As for his Lammermuir residency, which continues on Friday with a recital of Bach’s English Suites before Sunday’s concerto programme as soloist/director with the SCO, it’s an experience Esfahani has found immersive and satisfying.  

“Of course I love it, in a way I assume that when I play the next concert the listeners will have heard the previous one. They get to know what I’m on about, and that conversation with them changes. During Bach’s 48 last Friday, I sensed after an hour that they were in the zone, that I could manipulate them a little bit. You have to always communicate. What’s the point if you don’t?

“Last night I though at times I can push the envelope a little bit – let’s see what we can discover together in this piece. Otherwise it just becomes an exercise in virtue. In which case, why not just stay at home and look at the score?” 

That’s something Creative Scotland might well mull over as it puts the stranglehold on yet another priceless cultural gem. 

Mahan Esfahani’s Lammermuir Festival residency continues with a Coffee Concert of Bach’s English Suites on Fri 15 Sep at Holy Trinity Church in Haddington; and ends with the SCO in Bach’s Harpsichord Concertos, Sun 17 Sep at Dunbar Parish Church, Full Festival details at www.lammermuirfestival.com

RSNO / Søndergård

Glasgow Royal Concert Hall

There have been several notable examples in modern times where composers have found a means of giving the old harpsichord a bold, contemporary voice, rather than viewing it as a musty museum piece suited only to the airing of early music and in small intimate settings matched with its restricted dynamics.

What Poul Ruders has done in his Concerto for Harpsichord, written two years ago for the explorative champion of the modern instrument, Iranian harpsichordist Mahan Esfahani, is both daring and impressive. This, its UK premiere, was the centrepiece of an intriguing RSNO programme, framed by neoclassical Stravinsky and heart-warming Saint-Saëns and holding its head high alongside such colourful and illustrious company.

Ruders, first of all, challenges the historical purists by prescribing artificial amplification for his soloist, an effect that triumphed on several counts: mostly it gave the harpsichord sufficient volume to compete with a full symphony orchestra; but it also introduced new sound possibilities, notably a cutting synthesiser-like timbre that allowed Esfahani to conjure up spells of darkness and a weirdly resonating density in contrast to the tinkling, workaday busyness more readily associated with the instrument.

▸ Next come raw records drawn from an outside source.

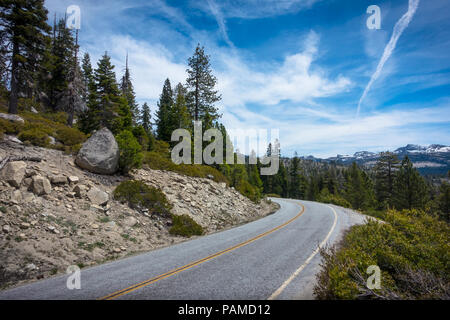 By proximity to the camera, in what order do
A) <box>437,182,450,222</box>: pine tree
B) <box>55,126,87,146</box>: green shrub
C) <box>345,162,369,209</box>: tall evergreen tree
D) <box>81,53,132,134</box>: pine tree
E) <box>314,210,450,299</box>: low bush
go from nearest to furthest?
<box>314,210,450,299</box>: low bush
<box>55,126,87,146</box>: green shrub
<box>81,53,132,134</box>: pine tree
<box>437,182,450,222</box>: pine tree
<box>345,162,369,209</box>: tall evergreen tree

That said, and through necessity, much of this concerto fed on the seeds of tradition, its outer movements driven by a determined, underlying moto perpetuo. Esfahani responded with nimble finger precision and punchy articulation, his role a defining one in establishing the obstinate persistence that drives this work. 

But the amplification also enabled him to explore a whole new sound world, moments in the slow movement characterised by beguiling otherworldliness – think 1970s’ Hammer Horror soundtracks – and a growling exchange with lower strings in the finale that eventually erupted in more supersonic virtuosity. The RSNO, under Thomas Søndergård, responded with crystalline sparkle in a work that is as charming as it is provocative.

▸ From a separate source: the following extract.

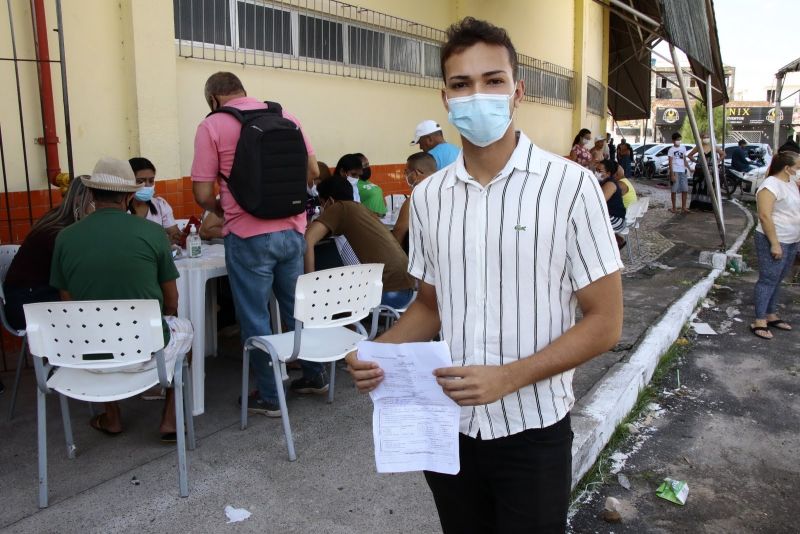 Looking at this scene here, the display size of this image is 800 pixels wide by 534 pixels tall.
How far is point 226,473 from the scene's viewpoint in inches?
130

The other huge success of the evening was a performance of Saint-Saëns’ Symphony No 3, the “Organ” symphony, that treated this post-Lisztian warhorse as if the ink was still wet on the score. Søndergård was meticulous in his attention to detail, every integrated melodic line given due prominence, every detail oozing character yet judiciously woven into the whole. Respecting that was organist Michael Bawtree, who found just the right colours on this digital instrument to edge over the soft orchestral cushioning of the Poco adagio, and judged his options well in administering the chordal explosions that ignite the homeward journey.

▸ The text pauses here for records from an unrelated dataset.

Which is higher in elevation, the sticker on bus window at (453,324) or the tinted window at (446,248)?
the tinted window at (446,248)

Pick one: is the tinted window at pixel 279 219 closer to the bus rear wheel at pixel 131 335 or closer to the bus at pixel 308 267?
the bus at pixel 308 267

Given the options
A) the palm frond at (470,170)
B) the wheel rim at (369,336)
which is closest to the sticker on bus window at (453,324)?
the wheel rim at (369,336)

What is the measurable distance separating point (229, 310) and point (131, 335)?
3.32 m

It all seemed a world away from the mischievous belligerence of Stravinsky’s Jeu de cartes, his 1937 ballet score based on the choreographed personification of a poker game, which opened the concert. Søndergård’s approach was cool-headed, a performance variously purposed to tease with understatement and dazzle with inflated exuberance. From sensuous waltz to pompous march, and shameless parodic references to Handel, Ravel and Rossini, the RSNO revelled in its riotous irony.